The exposed pulps of incisors in each quadrant were capped with one of the four tested capping materials, so that each material was represented in each dog. Group A: MTA (Angelus, Lodrina, Paraná Brazil) was mixed with distilled water (3:1 powder-distilled water ratio) until it had the consistency of wet sand. Group B: MTA was mixed with i-PRF until it had the consistency of wet sand. Group C: BBG (Meta Biomed, Cheongju-si, Chungbuk, Korea) was mixed with one to two drops of sterile saline to create a putty-like mixture. Group D: BBG (Meta Biomed) was mixed with one to two drops of i-PRF to create a putty-like mixture. The four materials were mixed on sterile glass slab using metal spatula, which were applied over the exposure by a fine amalgam carrier and condensed lightly with a moistened cotton pellet. Finally, all cavities were restored with intermediate restorative material (IRM), the two canines were used for –ve and +ve control in each dog. Dogs were sacrificed after each observation period by using 20 ml of 5% thiopental sodium solution rapidly injected through the cephalic vein. The maxilla and the mandible were removed surgically and sectioned into two halves at the midline. Blocks containing a single tooth with its surrounding bone were obtained by sectioning the jaws with a sharp saw. The teeth were fixed in 10% neutral buffered formalin for 72

h. The specimens were then further prepared for routine histological analysis, demineralized in 10% formic acid (250 cm + 250 distilled water) for 5 months. The solution was adjusted to pH 7 by addition of Tri-sodium citrate (100 gm + 0.5 Litre distilled water) (Accorinte et al., 2008). A fine needle was used to perforate the specimens to allow acid penetration and the specimens were examined continuously for decalcification. After decalcification, specimens were dehydrated in 70% ethanol then embedded in paraffin blocks. The embedded specimens were serially sectioned into sections of 5µ thickness in a bucco-lingual plane to the tooth main vertical axis, through the capping site and the pulp. Serial sections that showed the deepest part of the cavity and the underlying pulp were selected for histological evaluation. These sections were stained with H&E for evaluation under light microscope (n=8).


Histological evaluation:

For the interpretation of the histopathological changes in the pulp tissue each section was graded according to criteria that were used based on the scoring system developed by Stanley 1988 and modified by Dominquez et al 2003, and an experienced pathologist who was not informed by the tested capping materials investigated the histological samples using a light microscope.
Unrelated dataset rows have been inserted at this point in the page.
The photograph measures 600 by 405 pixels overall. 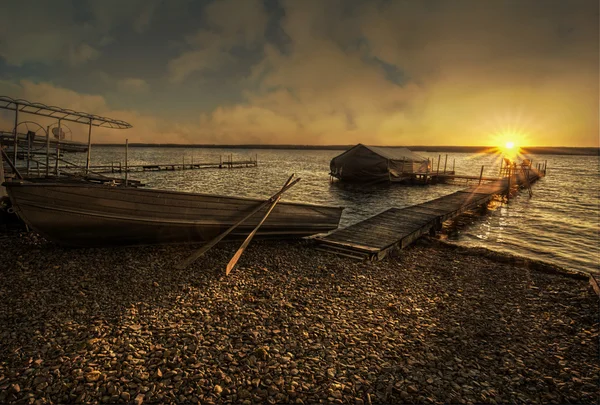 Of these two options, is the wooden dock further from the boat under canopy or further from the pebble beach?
the pebble beach

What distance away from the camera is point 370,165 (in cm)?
4231

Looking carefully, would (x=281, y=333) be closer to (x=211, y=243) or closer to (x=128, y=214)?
(x=211, y=243)

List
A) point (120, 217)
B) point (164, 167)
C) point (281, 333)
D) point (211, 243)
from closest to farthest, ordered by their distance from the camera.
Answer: point (281, 333)
point (120, 217)
point (211, 243)
point (164, 167)

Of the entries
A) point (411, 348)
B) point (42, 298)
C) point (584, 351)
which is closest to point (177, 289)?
point (42, 298)

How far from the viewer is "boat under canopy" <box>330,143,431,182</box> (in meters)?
41.9

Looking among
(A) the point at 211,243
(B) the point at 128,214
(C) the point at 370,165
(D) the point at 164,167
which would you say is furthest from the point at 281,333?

Immunohistochemical examination:

Four specimens (n=4) were de-waxed in xylene, rehydrated in a graded alcohol series, placed in an endogenous peroxide blocker for 10 minutes, and washed with Tris-buffered saline (TBS). The primary anti-dentine sialoprotein (DSP) antibody (Polyclonal Anti-Osteopontin, Biospes, China) was incubated at 4? for 1 hour, followed by the biotin-streptavidin peroxidase complex. The tissues were counterstained with hematoxylin. A negative control was prepared from samples with no pulp treatment. Positive controls consisted of 1% bovine serum albumin substituted for DSP antibody. The histological sections were examined by the image analyzer computer system using the software Leica Qwin 500 (Leica microsystem, Germany). The amount of staining in the newly formed hard tissue, was measured in the form of an area in a standard measuring frame per 10 fields using a magnification x100 by light microscopy transferred to monitor’s screen (Goldberg M, Lasfargues J, 1995).
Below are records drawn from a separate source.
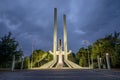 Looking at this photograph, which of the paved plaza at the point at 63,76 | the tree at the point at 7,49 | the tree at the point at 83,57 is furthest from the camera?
the tree at the point at 83,57

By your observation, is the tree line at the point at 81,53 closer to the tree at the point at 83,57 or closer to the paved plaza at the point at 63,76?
the tree at the point at 83,57

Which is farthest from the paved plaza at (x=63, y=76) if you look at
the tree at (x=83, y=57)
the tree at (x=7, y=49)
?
the tree at (x=83, y=57)

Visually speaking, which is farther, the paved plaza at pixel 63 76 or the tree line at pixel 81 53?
the tree line at pixel 81 53

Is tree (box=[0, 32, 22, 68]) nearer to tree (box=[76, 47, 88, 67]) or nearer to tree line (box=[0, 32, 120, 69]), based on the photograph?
tree line (box=[0, 32, 120, 69])

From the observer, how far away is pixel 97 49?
5788cm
All data was calculated, tabulated and statistically analyzed using suitable statistical tests. Regarding histopathology, data were presented as frequency (number) and percentages. Chi square test was used to compare different groups, as well as for intragroup comparison between one and 3 months. For immunohistochemistry ANOVA and Tukey’s post hoc tests was used for intergroup comparisons, while paired t test was used for intragroup comparisons (effect of time within the same group). Data related to difference and percent change were non- parametric. Kruskal-Wallis and Mann Whitney U tests were used for intergroup comparison. A p-value of less than 0.05 was considered statistically significant.


Results

Histological examination: Negative control; the teeth presented normal architecture of pulp consisting of delicate, loose connective tissue with numerous blood capillaries. Fibroblasts were numerous and the dentineal wall was outlined with an intact continuous odontoblastic layer of tall columnar cells (figure 1, A). Positive control, the odontoblastic layer were completely destroyed. The loose connective tissue of the pulp were replaced with necrotic tissue, infiltrated with inflammatory cells; extravasation of blood with dilatation of blood capillaries (figure 1, B).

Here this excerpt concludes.